Chapter 17: The Universal Curve

  1. Literally thousands of studies have shown that organizational learning occurs in every industry. Organizations and industries, like intelligent organisms and species, learn to become more efficient as they gain experience in solving problems.

  2. The first careful observations of organizational learning were made in 1922 by Theodore P. Wright. He discovered that the assembly labor declined 20 percent with each doubling of production experience.

  3. The learning curve languished in obscurity until 1966, when the Boston Consulting Group (BCG) found that, after adjusting for inflation, the unit costs of integrated circuits were dropping 25% with each doubling of experience.

  4. The data revealed that all of the client's cost components declined with the accumulation of production experience. To distinguish this across-the-board cost erosion from the notion that learning only applied to labor, BCG rechristened the learning curve the "experience curve."
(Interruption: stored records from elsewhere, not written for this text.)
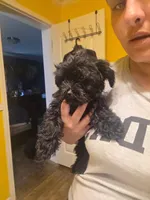 No name, a female Yorkipoo for sale in Maxton, NC – 9 of 9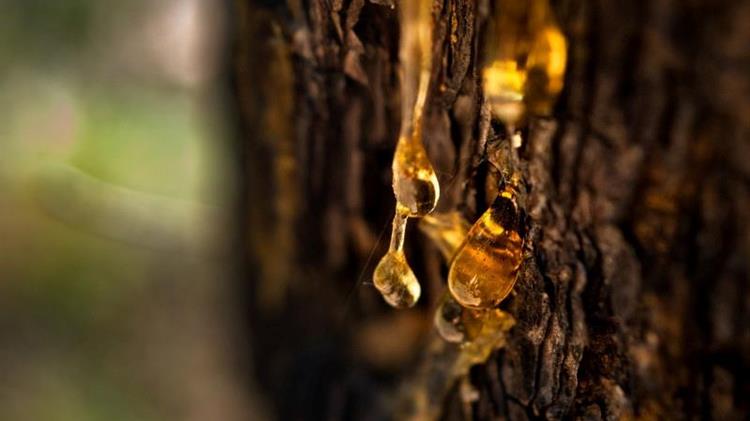 Χαλκιδική: Συλλέγει τα «δάκρυα» από 4.500 πεύκα και δίνει... χαρά στο δάσος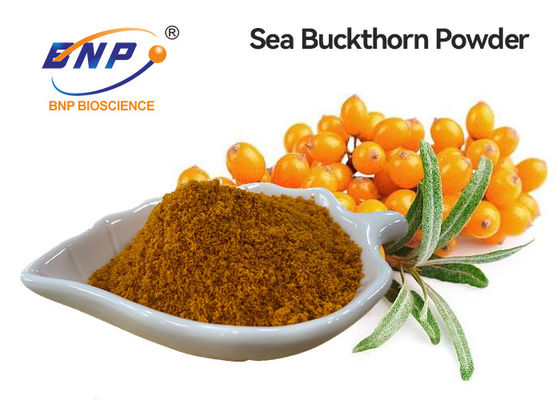 Light Yellow Fruit Vegetable Powder Supplement Hippophae Rhamnoides Sea Buckthorn Juice Powder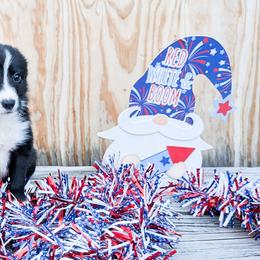 Ruzek - Black male Border Collie puppy in Raccoon, Kentucky from Skyline Border Collies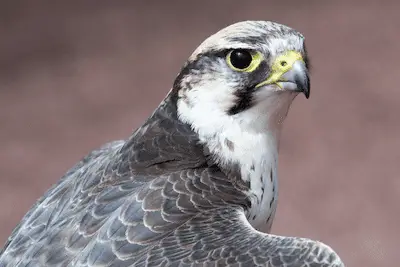 Closeup of adult Lanner Falcon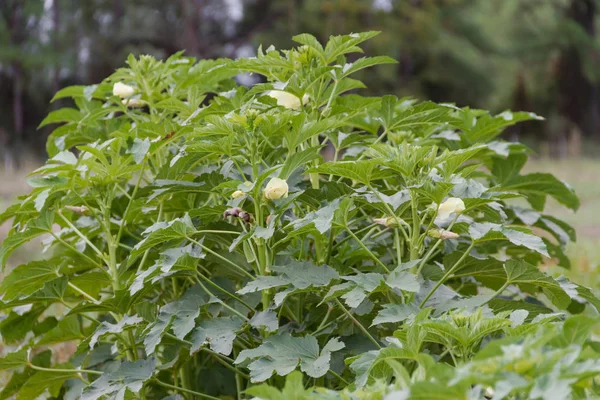 Plantage Van Turkse Hutjes Biologische Tuin — Stockfoto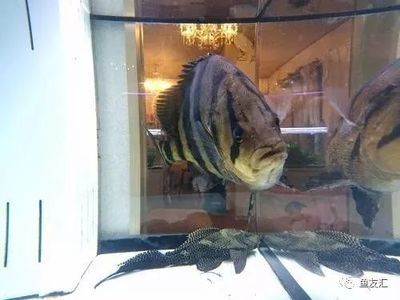 泰虎魚苗能喂飼料嗎怎么喂的：泰虎魚苗在一定條件下可以喂食飼料嗎 泰國虎魚 第2張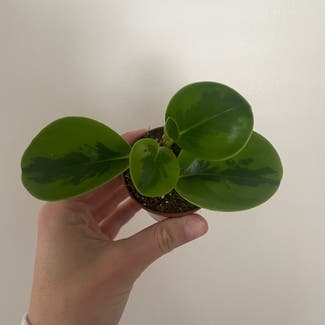 Baby Rubber Plant plant in Rockland, Maine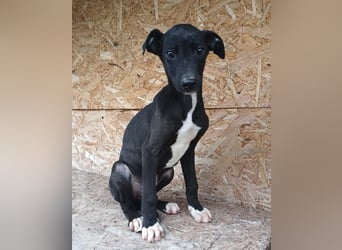 Sonic Tierschutzhund sucht ein Zuhause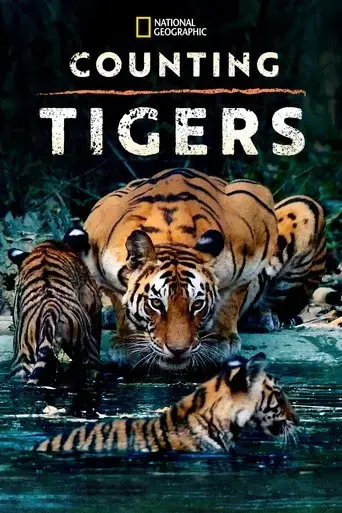 counting-tigers-2019
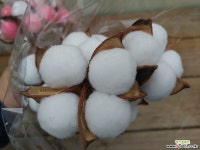 솜사탕 목화 인테리어소품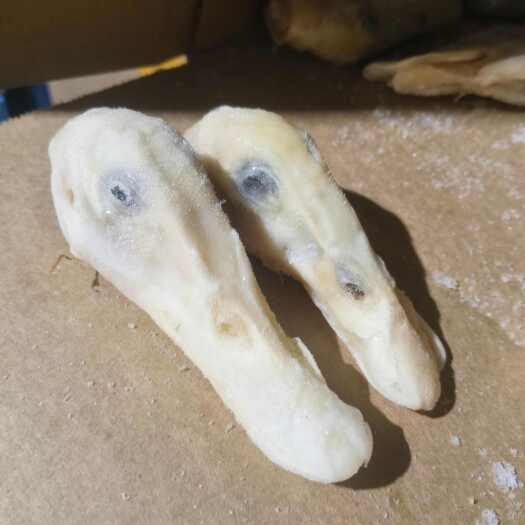 单冻鸭头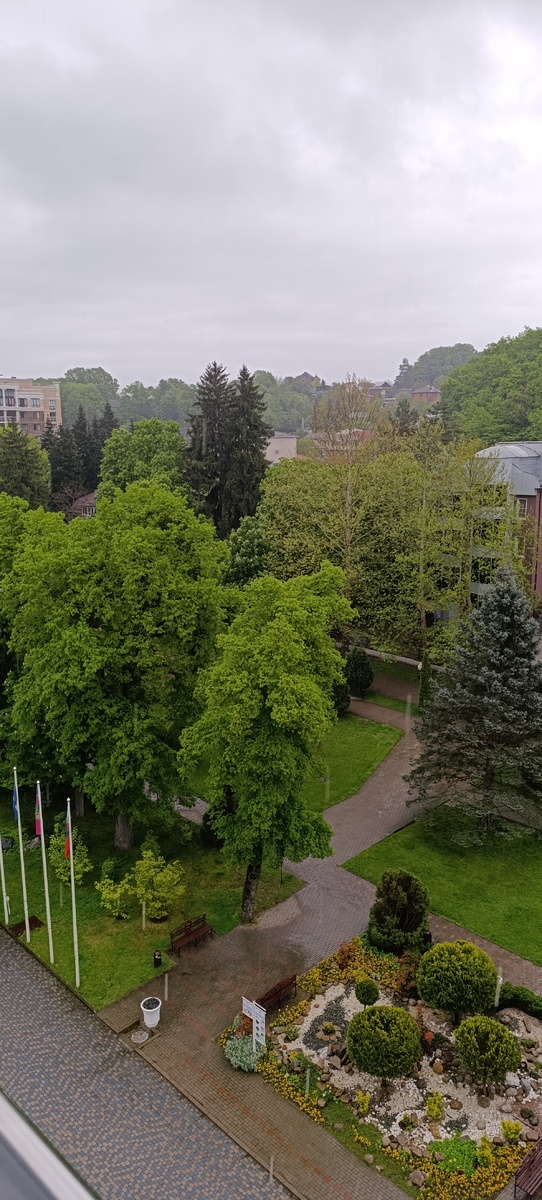 Вид на парк с балкона нашего санатория.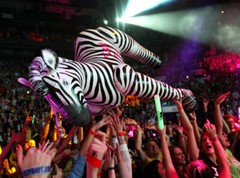 Jet Creations Inflatable Zebra Great For Safari Zoo Themed Children Parties Fun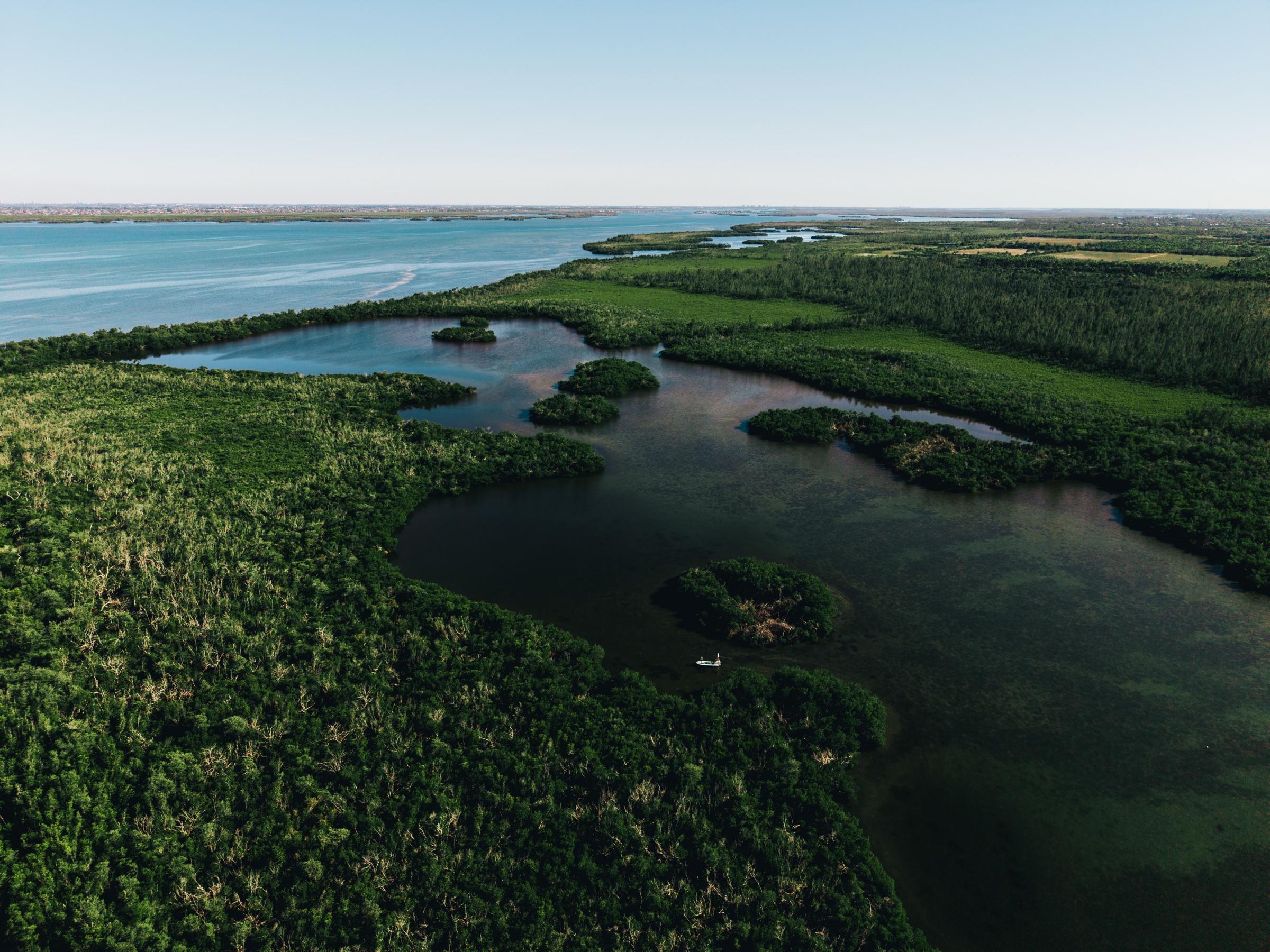 Aerial view of mangrove islands and tidal channels near Pine Island, Florida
  5. Despite the studies proving its universality, the learning curve has been shunned by most economists. Neither learning nor experience appears in the index of the leading history of economic thought.

  6. Perhaps, if the learning curve lent factual support to the core concepts of Western equilibrium economics, a way would have been found to unify fact and theory. But the entire edifice of classical economics rests on the assumption that technology does not change.

  7. By ignoring the learning curve, orthodox economics negates the very thing that is unique about human economics - the capacity to respond to experience with intelligence and creativity.

  8. Compelling evidence of the learning curve's universality has been available for nearly 20 years, but neither the Left or the Right has recognized the learning curve for what it really is, proof the "law of diminishing returns" is wrong.

  9. A firm's efficiency is constrained only by its technology, and its technology is limited only by its members' ability to work together as an intelligent, creative organization.

  10. Wherever one looks, the same basic pattern of economic progress reappears. Throughout history, the syncopated rhythm of economic progress reflects a succession of linked learning curves.